A model’s ability to predict unknown sample’s is directly dependent on the nature of the training set. In other words, predictive accuracy for different unknown samples varies according to how well the training set represents the given samples. Therefore, it is critical to be able to estimate the degree of confidence for each prediction, which could be difficult to derive from the external validation. In DF the information derived from the extensive L10O process permits assessment of the confidence level for each prediction. For the PCA model the confidence level for predicting unknown samples was assessed based on the distribution of accuracy over the prediction probability range for the left-out samples in the 2,000 L10O runs. We found that the sensitivity and specificity of the model were 99.2 and 98.2% in the HC region, respectively, with an overall concordance of 98.7%. In contrast, a much lower prediction confidence of 78.9% was obtained in the LC region, indicating that these predictions need to be further verified by additional methods. Generally, the number of samples within the HC region compared with the LC region depends on the signal:noise ratio in the data set. For noisy data, more unknown samples will be predicted in the LC region and could be as high as 40–50% (results not shown). For the PCA data set some 80% of the left-out samples predicted in the 2,000 L10O runs were in the HC region, indicating that the data set has a high signal:noise ratio.
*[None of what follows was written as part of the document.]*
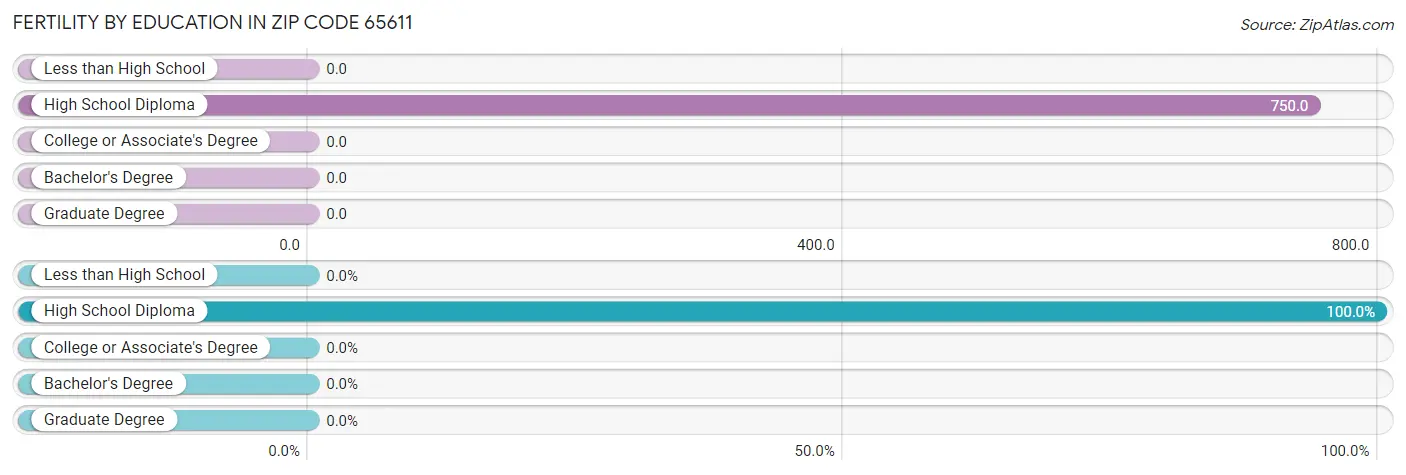 Female Fertility by Education Attainment in Zip Code 65611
A number of classification methods reported in the literature require selection of the relevant or informative predictor variables before modeling is actually performed. This is necessary because the method could be susceptible to noise without this procedure, and the computational cost is prohibitive for iterative variable selection during cross-validation. Although these are otherwise effective methods, they could produce what is called “selection bias” (Simon et al. 2003
). Selection bias occurs when the model’s predictive performance is assessed using cross-validation where only the preselected variables are included. Because of selection bias, cross-validation could significantly overstate prediction accuracy (Ambroise and McLachlan 2002
), and external validation becomes mandatory to assess a model’s predictivity. In contrast, model development and variable selection are integral in DF. DF avoids the selection bias during cross-validation because the model is developed at each repeat by selecting the variables from the entire set of predictor variables. The cross-validation thereby provides a realistic assessment of the predictivity of a fitted model. Given the trend of ever decreasing computation expense, carrying out exhaustive cross-validation is increasingly attractive, particularly when scarce sample data can be used for training as opposed to external testing. Of course, external validation is still strongly recommended when the amount of data suffices, in which case the cross-validation process will still enhance the rigor of the validation.